Segundo dados da RGF Associados, uma consultoria especializada em reestruturação corporativa, 4.965 empresas estavam em recuperação judicial no primeiro semestre de 2025 – uma alta de 17,6% em relação ao mesmo período do ano passado. Haddad afirma que a Selic atual “dificulta muito” renovar empréstimos, enquanto algumas empresas usam a lei de forma inadequada. Ele aponta que o governo vai investigar esses casos suspeitos, porque nem todos os pedidos de recuperação judicial refletem uma crise real.
VEJA TAMBÉM:
- Juros no Brasil: por que o alívio para empresas e famílias pode vir só em 2026?

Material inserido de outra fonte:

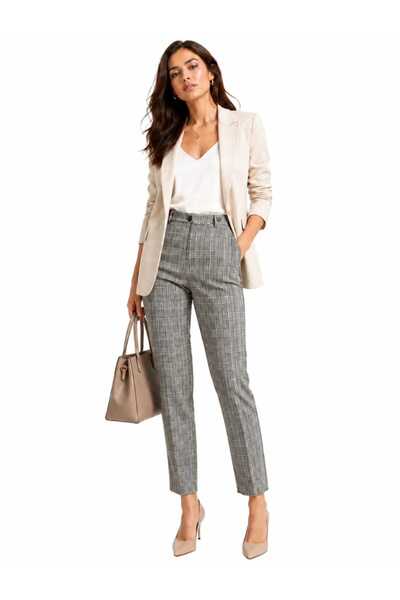 CHEVALIER FASHION Women's High Waist Plaid Straight Leg Pants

- Agro enfrenta onda de calotes e insolvência que deve crescer com ameaça dos EUA
Selic de 15% Compromete Negócios em Todo o País
Haddad não tem dúvidas sobre o principal culpado dessa crise: os juros altos. Com a Selicmantida em 15% ao ano e sem previsão de queda em 2025, manter qualquer negócio se tornou caro. “Dificulta muito” renovar empréstimos, disse ele. O impacto se espalha por todos os setores. Pagar pelos financiamentos empresariais é um desafio crescente.

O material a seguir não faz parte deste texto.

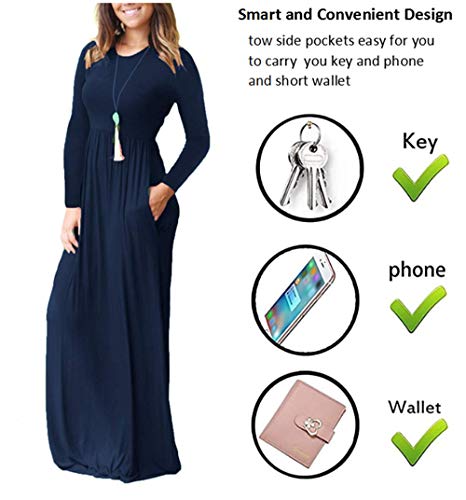 PCEAIIH Women's Swing Maxi Dresses Long Sleeve Long Casual Dresses Navy Blue X-Small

Quem tem dívida com juros que sobem junto com a Selic vê o problema se agravar constantemente. De cada mil empresas ativas no Brasil, duas já pediam recuperação judicial em julho. Além disso, de cada 10 empresas que conseguem se recuperar, três acabam falindo – o pior índice da história.

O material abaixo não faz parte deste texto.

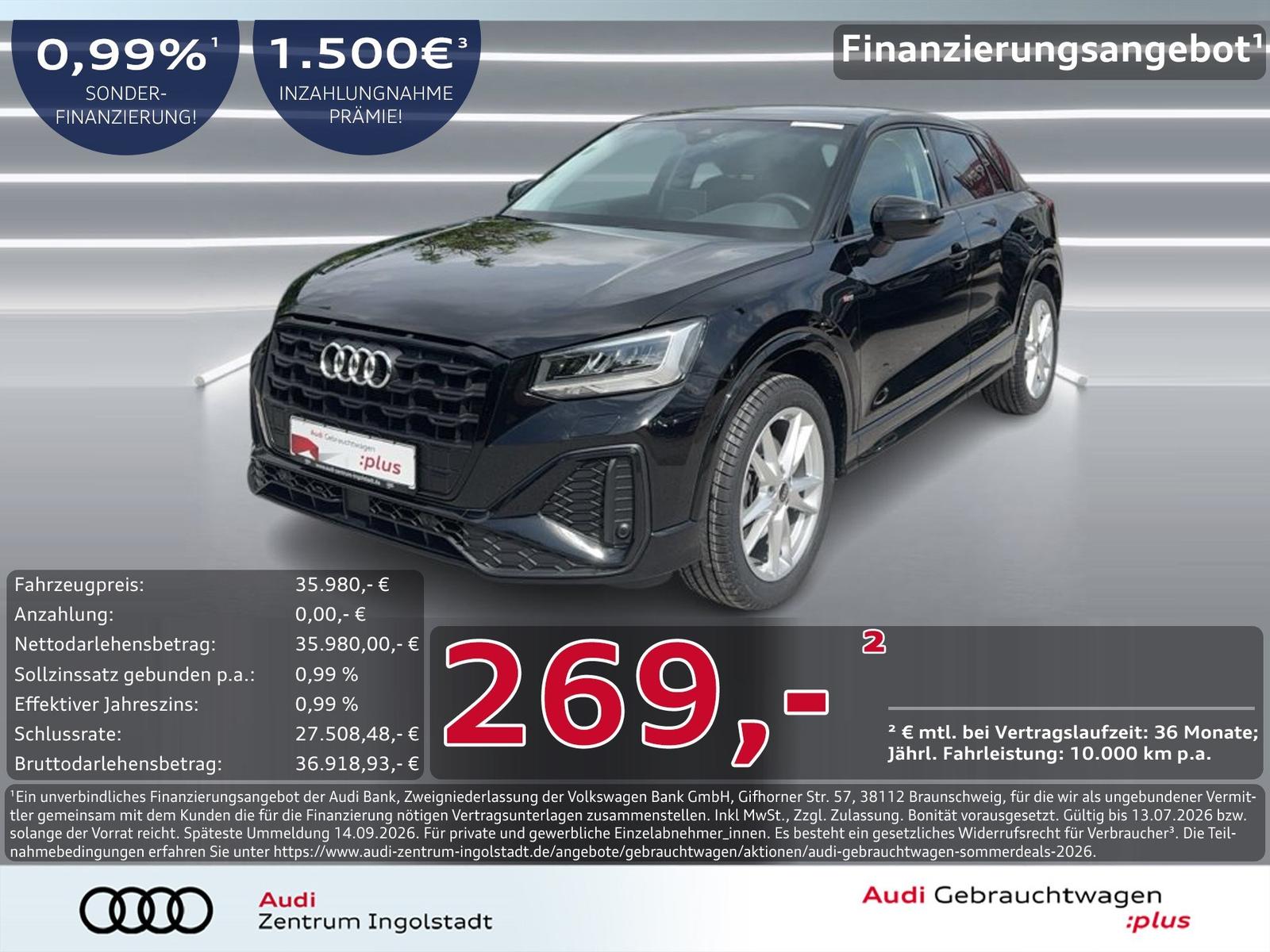 Audi Q2 40 TFSI qu S line LED KAMERA AHK ACC PDC+ 18"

Crime organizado se infiltra na recuperação judicial
Nem toda empresa que pede recuperação está realmente em crise. Haddad desconfia que alguns setores estão usando a lei de forma incorreta. O Ministério da Fazenda está monitorando “um ou dois setores da economia” que merecem atenção especial. A análise faz parte de uma batalha maior contra o crime organizado. Segundo o ministro, a confusão no segmento de combustíveis surgiu após a polícia desmantelar esquemas criminosos.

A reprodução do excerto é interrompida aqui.